Go through the data and report each line that holds the string "Sets".

[Extracted data entries]
+ + + + +

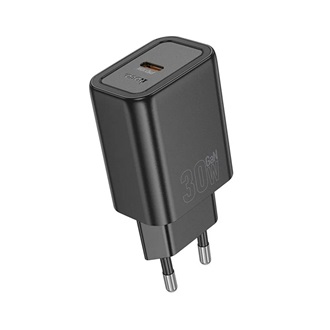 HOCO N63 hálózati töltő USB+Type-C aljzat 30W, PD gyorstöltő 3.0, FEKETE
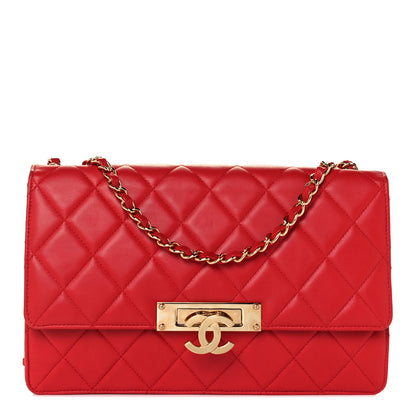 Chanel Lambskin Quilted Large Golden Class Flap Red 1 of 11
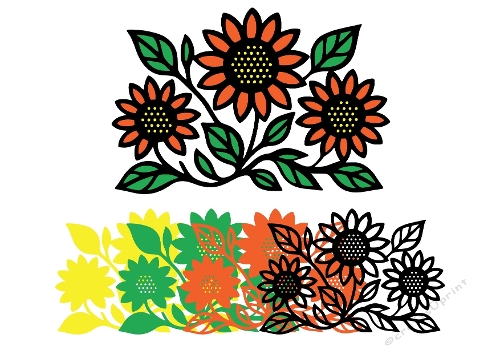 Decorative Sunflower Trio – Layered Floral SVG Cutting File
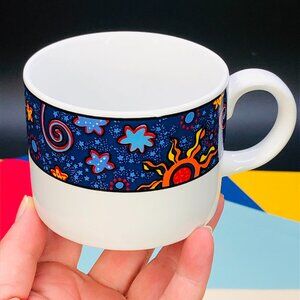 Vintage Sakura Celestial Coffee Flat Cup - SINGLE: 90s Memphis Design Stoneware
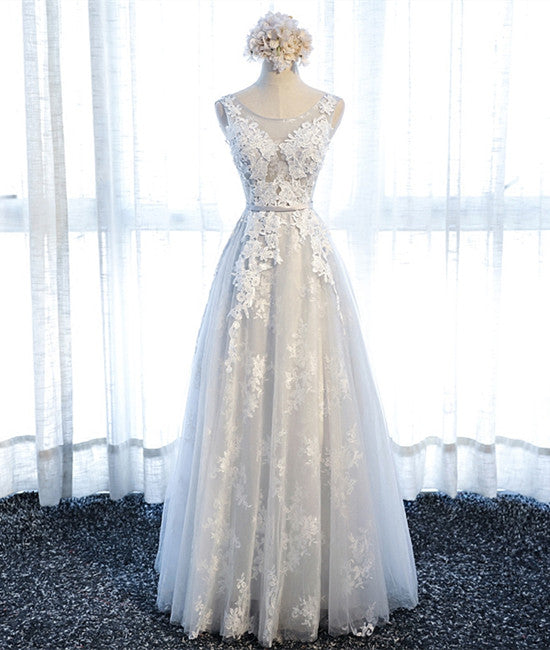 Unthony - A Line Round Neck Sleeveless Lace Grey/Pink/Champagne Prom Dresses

+ + + + +

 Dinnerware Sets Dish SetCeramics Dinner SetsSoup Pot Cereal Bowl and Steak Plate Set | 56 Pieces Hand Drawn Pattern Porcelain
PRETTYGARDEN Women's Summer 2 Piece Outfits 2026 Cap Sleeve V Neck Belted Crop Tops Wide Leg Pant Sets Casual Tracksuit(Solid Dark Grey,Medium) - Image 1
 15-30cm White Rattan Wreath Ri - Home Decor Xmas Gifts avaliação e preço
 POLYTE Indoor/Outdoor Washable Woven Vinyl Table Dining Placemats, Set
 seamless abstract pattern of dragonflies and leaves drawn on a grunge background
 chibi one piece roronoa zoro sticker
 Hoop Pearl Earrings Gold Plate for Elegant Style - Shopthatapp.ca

+ + + + +

Written answer >>
 Dinnerware Sets Dish SetCeramics Dinner SetsSoup Pot Cereal Bowl and Steak Plate Set | 56 Pieces Hand Drawn Pattern Porcelain
PRETTYGARDEN Women's Summer 2 Piece Outfits 2026 Cap Sleeve V Neck Belted Crop Tops Wide Leg Pant Sets Casual Tracksuit(Solid Dark Grey,Medium) - Image 1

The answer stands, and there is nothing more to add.